Not only this, when I turn the engine on at night, to charge the battery, I’m never sure how long I should run it for to charge the battery up. I’ve been suspecting that I’m not really having a clue what or how my electricity is being used, when it’s such a valuable resource on the boat.
You need a simple instrument to tell you this.
It’s an inline voltmeter, and it cost about £40 from 12vPlanet, which sells all sorts of 12v accessories for caravans, boats and mobile homes.
In the picture, the engine is turned on, and the voltage is up to about 14v, which is right at the top of the scale.
I fitted this one myself by taking a line off the lighting loom, and running it to the meter.
There’s also a larger loom that the fridge runs on, but the cables are much thicker on that and the lower amperage serves. They’re coming from the same battery, and the voltage is the same.
I put this voltmeter in yesterday, and I’ve been shocked at what seems to be using the energy.
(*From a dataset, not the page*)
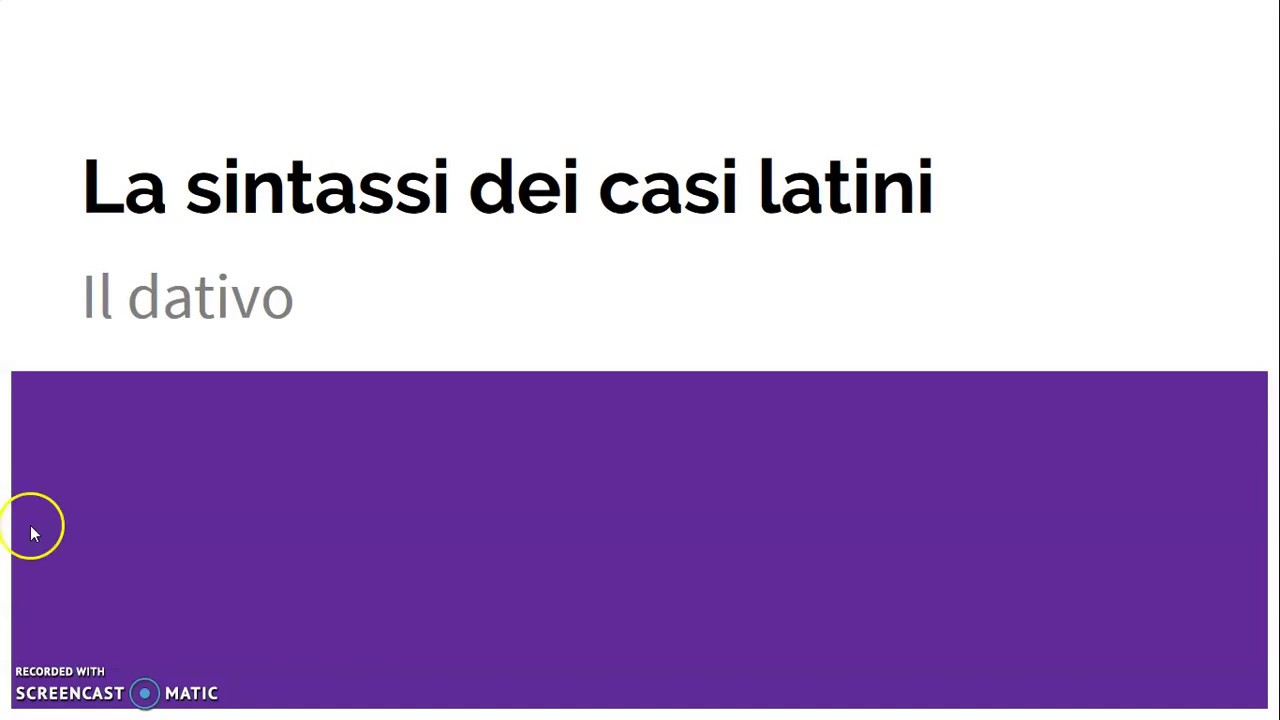 4 La sintassi dei casi: il dativo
This is the reading at 4pm, after charging the battery till 11am.
As you can see, the voltage is around 12V.
And it stayed at this after charging my laptop up on the inverter until around 5pm. After that, it got dark.
This is what shocked me.
I thought it was the fridge running down all the power from the battery, but thanks to this device, I’ve discovered that it’s these.
Simple, old-school filament lightbulbs, basically eating up the electricity.
And they sure do eat it.
Look at the voltmeter after I put the lights on.
That’s the lowest setting, 10v.
This was taken at 18:46.
The amount of energy these tiny little bulbs must be pumping out must be amazing. And the evidence is all there.
12V energy saving bulbs
They’ve got to go.
I’ll be investing in some energy saving 12v bulbs very shortly.